Uh Oh just noted this on bottom of the page 

Amount greater than USD 20,000.- or equivalent ,         	      please contact treasury department, Telephone  :Sad: 662) 296-4361-70

----------


## Butterfly

> I went to Singapore several years ago and DBS was the bank I could open an account with. HSBC wanted me to have a referral and I didn't. I spent the rest of the day trying to apply at several other banks ending up at DBS where I stood outside the Orchard St branch finally getting a stranger with an account there to vouch for me.

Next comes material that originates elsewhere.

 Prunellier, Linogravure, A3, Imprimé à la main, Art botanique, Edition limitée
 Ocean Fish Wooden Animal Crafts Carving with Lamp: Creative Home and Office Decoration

I had a friend in Singapore who had an account at DBS and therefore had to sponsor me. They are quite strict for banking over there, and they are a bit crazy with money laundering. Yet they remain the leading place for dodgy deals all over in Asia, like Switzerland, so that "good standing" crap is only superficial and for the obvious idiots like you and me trying to open a simple bank account.

Their stock market is even worse, full of dodgy and fraudulent companies that are rejected from everywhere, mostly HK. Terrible corporate governance provisions and market transparency. Thailand is 50 years ahead in that sense.

----------


## wefearourdespot

> Their stock market is even worse, full of *dodgy and fraudulent companies* that are rejected from everywhere


for example ? (second time I ask you this question actually)

----------


## Thaihome

> Originally Posted by Butterfly
> 
> Their stock market is even worse, full of *dodgy and fraudulent companies* that are rejected from everywhere
> 
> 
> for example ? (second time I ask you this question actually)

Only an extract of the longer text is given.